Hyundai Motor Company aims to boost its annual electric vehicle sales to 2 million units by 2030, against its earlier target of 1.87 million, in line with rising global demands.
Considering that the proportion of global EV production is set to increase from 8 per cent this year to 34 per cent in 2030, the automaker plans to expand production by region through a two-track approach — assembly line conversion in Internal Combustion Engine-based factories and new dedicated EV plant establishment. “Since the demand for ICE vehicles remains high, the company is currently producing EVs on mixed production lines as it is more cost-efficient than building more EV-dedicated factories. By utilising existing lines, construction time is much shorter than building new plants and can be ramped up quickly to meet EV demand,” Hyundai said in a release.
Hyundai Motor Company hosted its ‘2023 CEO Investor Day’ in Seoul on June 20 (local time), unveiling its visionary mid- to long-term business strategies and financial plans.

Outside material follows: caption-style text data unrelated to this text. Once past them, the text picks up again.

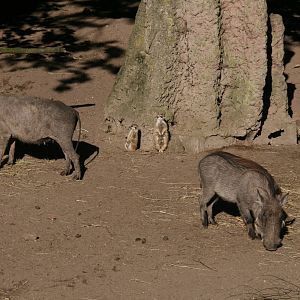 Wartogs and Meerkats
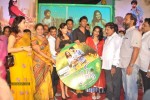 Celebs at Park Movie Audio Launch - 147 of 179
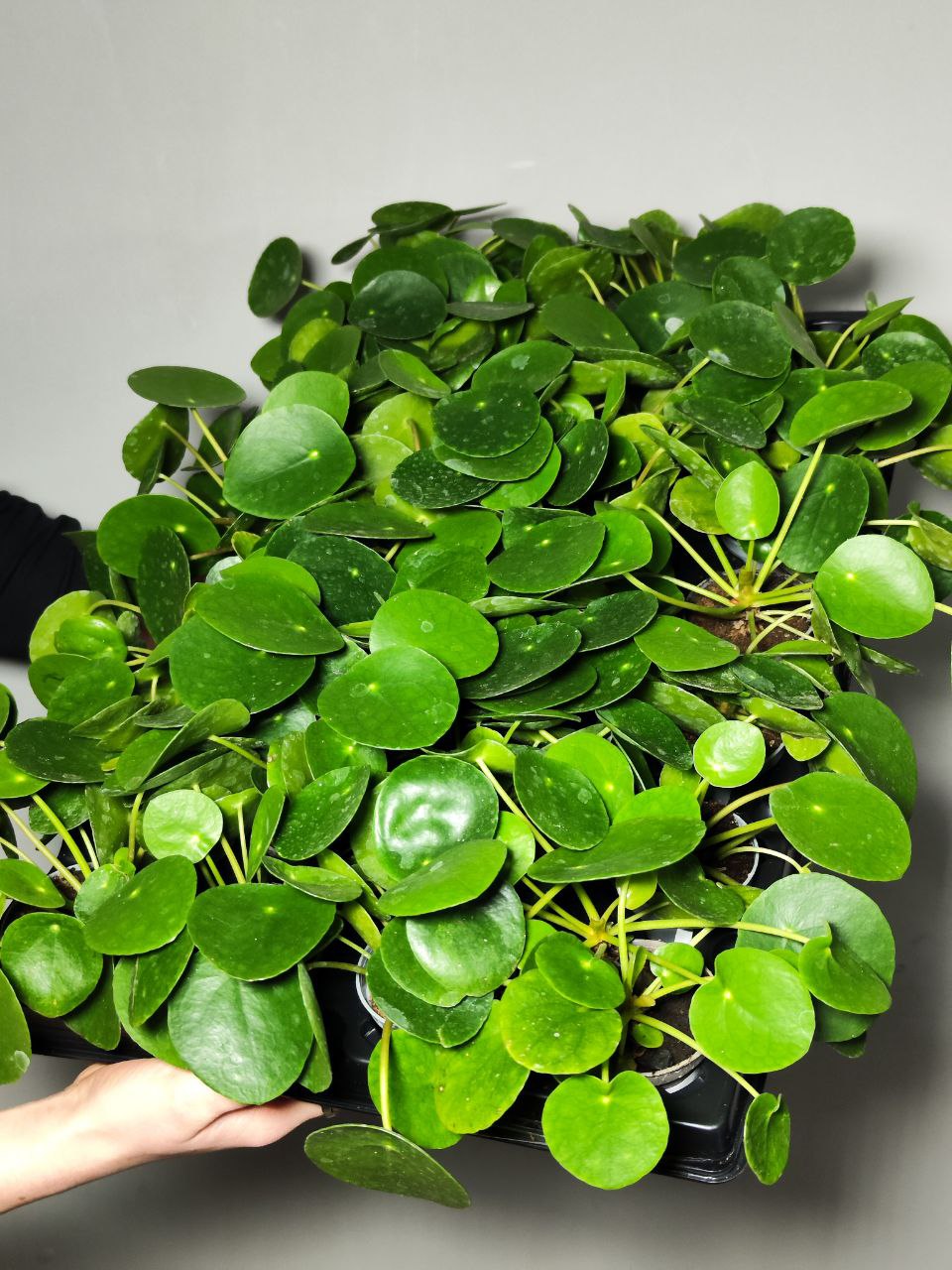 Пилея Пеперомиевидная (Pilea Peperomioides) D6см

The company said it has also raised sales targets for major regions and is preparing to adjust its sales target according to the market demand. In terms of profitability in the EV segment, Hyundai Motor is targeting more than 10 per cent by 2030.
The key parts of the strategy include introducing a next-generation modular architecture for EVs, strengthening EV production capacity, battery development capabilities and future businesses.

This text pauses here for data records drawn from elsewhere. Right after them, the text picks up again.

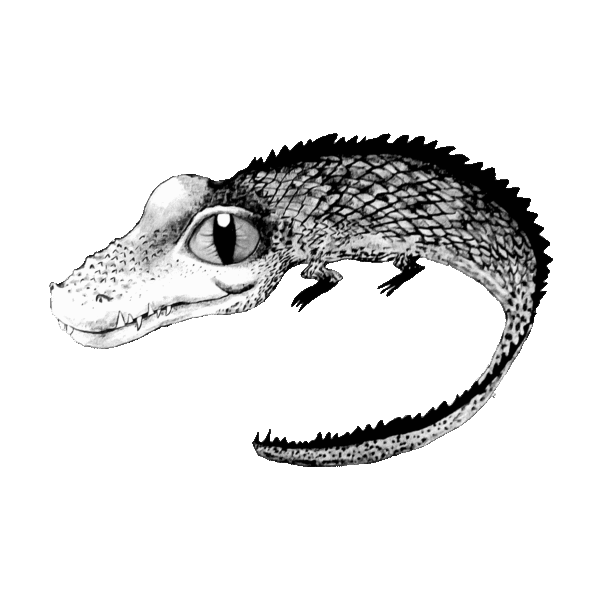 Mini-me – Krokodil - Bild 2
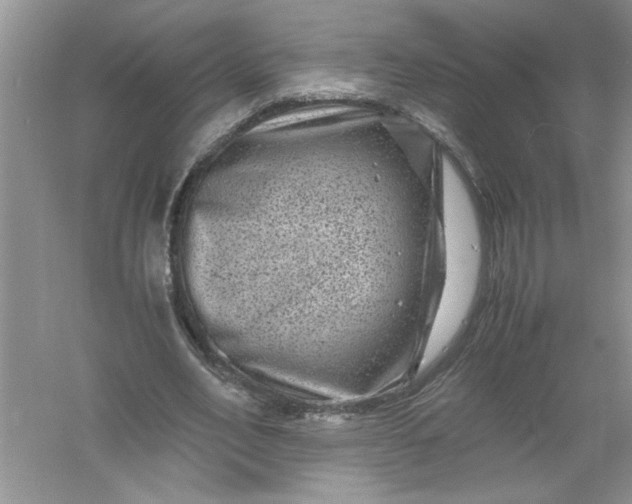 X0000061140582200512022250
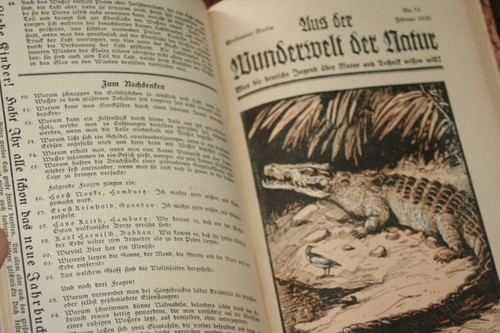 Aus der wunderwelt - wunderwelt, natur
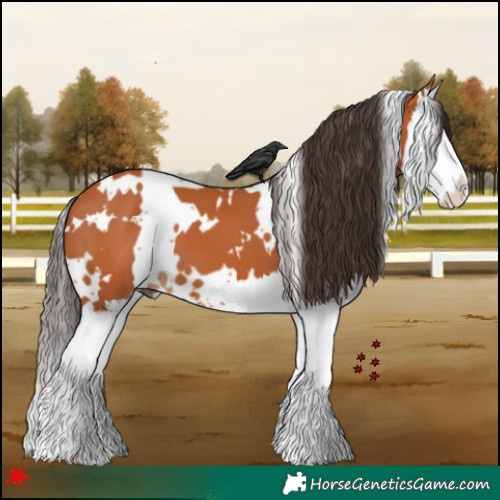 Horse Color:White Spotted Bay Splash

To enhance its competitiveness in batteries and develop next-generation batteries, Hyundai plans to invest 9.5 trillion won (7.4 billion dollar) over the next 10 years.

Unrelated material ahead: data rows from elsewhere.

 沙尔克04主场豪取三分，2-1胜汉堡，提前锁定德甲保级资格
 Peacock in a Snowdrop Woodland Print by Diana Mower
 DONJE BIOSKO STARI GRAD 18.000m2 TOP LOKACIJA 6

Hyundai said it plans to introduce competitive lithium-iron-phosphate (LFP) batteries, a cheaper alternative to lithium-ion batteries that have spurred EV adoption in China, for the first time around 2025.
Its bigger rival Toyota (7203.T), also announced last week a plan to start using LFP batteries.
Hyundai aims to source more than 70per cent of batteries through joint ventures by 2028 and beyond. Other plans include collaboration with specialised companies and startups, as well as establishing joint ventures with battery companies to ensure stable supply.
“Joint research and equity investment in startups to accelerate the development of next-generation batteries is also under way,” the company said.
Hyundai said it aimed to achieve an operating profit margin of 10per cent or higher in the EV business by 2030.
President and CEO Jaehoon Chang laid out the ‘Hyundai Motor Way’ roadmap for success in the electrification era. He explained how the company’s second-generation dedicated EV platform, under the new Integrated Modular Architecture (IMA), will replace its Electric-Global Modular Platform (E-GMP) going forward.
Hyundai plans to invest a total of South Korean won 109.4 trillion from 2023 to 2032, with an average annual investment of around KRW 11 trillion. It includes KRW 47.4 trillion for R&D, KRW 47.1 trillion for capital expenditure, and KRW 14.9 trillion for strategic investments.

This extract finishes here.